Police have had more than 200 tip-offs about unidentified women murdered in the Netherlands, Belgium and Germany.
It comes a week after the three countries launched a campaign with global policing agency Interpol to find the names of 22 women, whose bodies were discovered between 1976 and 2019.
It is the first time Interpol has gone public with a list seeking information about unidentified bodies.
Police said the women “deserve to get their names back”.
“The information we are receiving now gives us hope for several cases.

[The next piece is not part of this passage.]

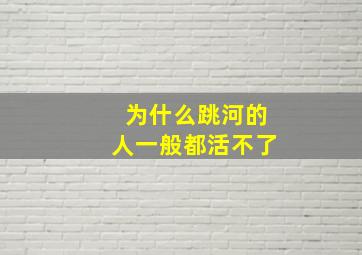 为什么跳河的人一般都活不了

Every tip can make a difference for the next of kin of the victims,” said Dutch police official Martin de Wit.
Police said they were following up on 122 potentially useful tip-offs for the cases in Germany, 55 in Belgium and 51 in the Netherlands.
Information they have received so far includes possible names of victims, and potential leads about clothing and jewellery the women were wearing.
The so-called black notices released as part of the Operation Identify Me campaign are normally only circulated internally among Interpol’s network of police forces throughout the world.
They include details about the women, photographs of possible identifying items, and, in some cases, new facial reconstructions and information about the cases.
In a statement, police said they were analysing the information they had received so far, and that their first priority would be informing the family if any of the victims’ identities were discovered.
As the women are believed to have been murdered, they added that any identification would lead to criminal investigations.
Most of the victims in the 22 cases were aged between 15 and 30. Without knowing their names or who killed them, police say it is difficult to establish the exact circumstances of their deaths.
The campaign was initiated by Dutch police, who were struggling to identify a woman whose body was discovered in a wheelie bin floating in a river on the outskirts of Amsterdam in 1999.
Other cases include a woman with a distinctive tattoo of a black flower with green leaves and “R’NICK” written underneath who was found lying against a grate in a river in Belgium in 1992, and a woman’s body found wrapped in a carpet and bound with string at a sailing club in Germany in 2002.
Dr Susan Hitchin, coordinator of Interpol’s DNA unit, said the policing agency was continuing to call on the public to come forward with any information that could “help investigators connect the dots”.